An object of class data.frame when plot = FALSE, or of type ggplot

when plot = TRUE.

Details

A confusion matrix is a method for summarizing the predictive performance of a classification algorithm. It is particularly useful if you have an unbalanced number of observations belonging to each class or if you have a multinomial dataset (more than two classes in your dataset. A confusion matrix can give you a good hint about the types of errors that your model is making. See online-documentation

References

Ting K.M. (2017). Confusion Matrix. In: Sammut C., Webb G.I. (eds) Encyclopedia of Machine Learning and Data Mining.
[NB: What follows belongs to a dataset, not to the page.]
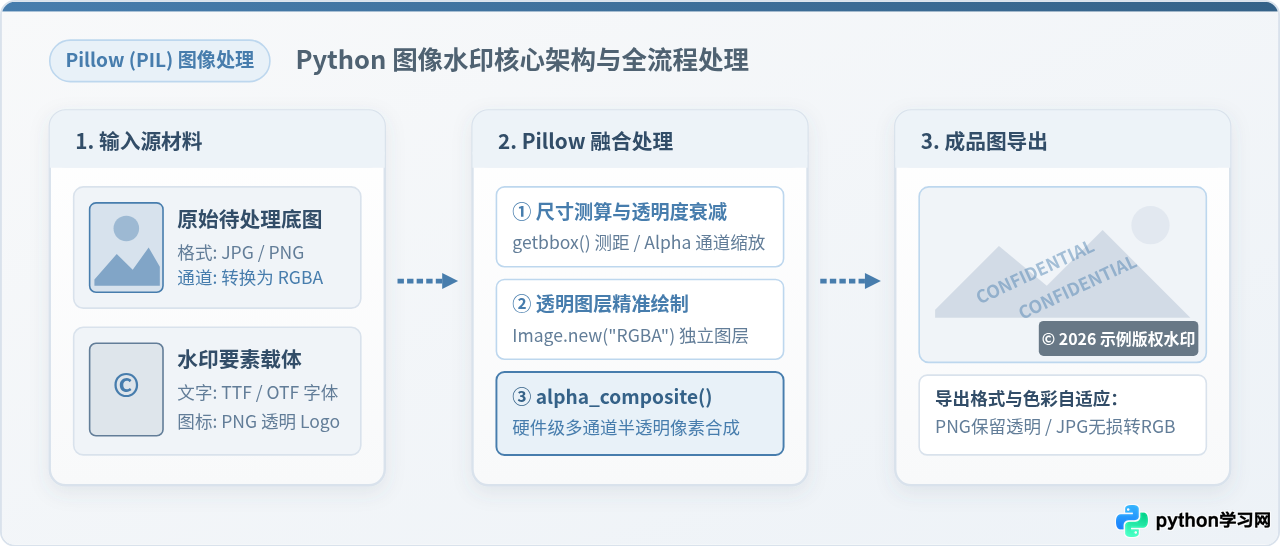 Python给图片添加文字或图片水印的代码教程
Springer, Boston, MA. doi:10.1007/978-1-4899-7687-1_50

Examples

# \donttest{
set.seed(183)
# Two-class
binomial_case <- data.frame(labels = sample(c("True","False"), 100, replace = TRUE),
predictions = sample(c("True","False"), 100, replace = TRUE))
# Multi-class
multinomial_case <- data.frame(labels = sample(c("Red","Blue", "Green"), 100,
replace = TRUE), predictions = sample(c("Red","Blue", "Green"), 100, replace = TRUE))

# Plot two-class confusion matrix
confusion_matrix(data = binomial_case, obs = labels, pred = predictions, 
plot = TRUE, colors = c(low="pink" , high="steelblue"), unit = "count")
#> Warning: Using linewidth for a discrete variable is not advised.


# Plot multi-class confusion matrix
confusion_matrix(data = multinomial_case, obs = labels, pred = predictions, 
plot = TRUE, colors = c(low="#f9dbbd" , high="#735d78"), unit = "count")
#> Warning: Using linewidth for a discrete variable is not advised.

# }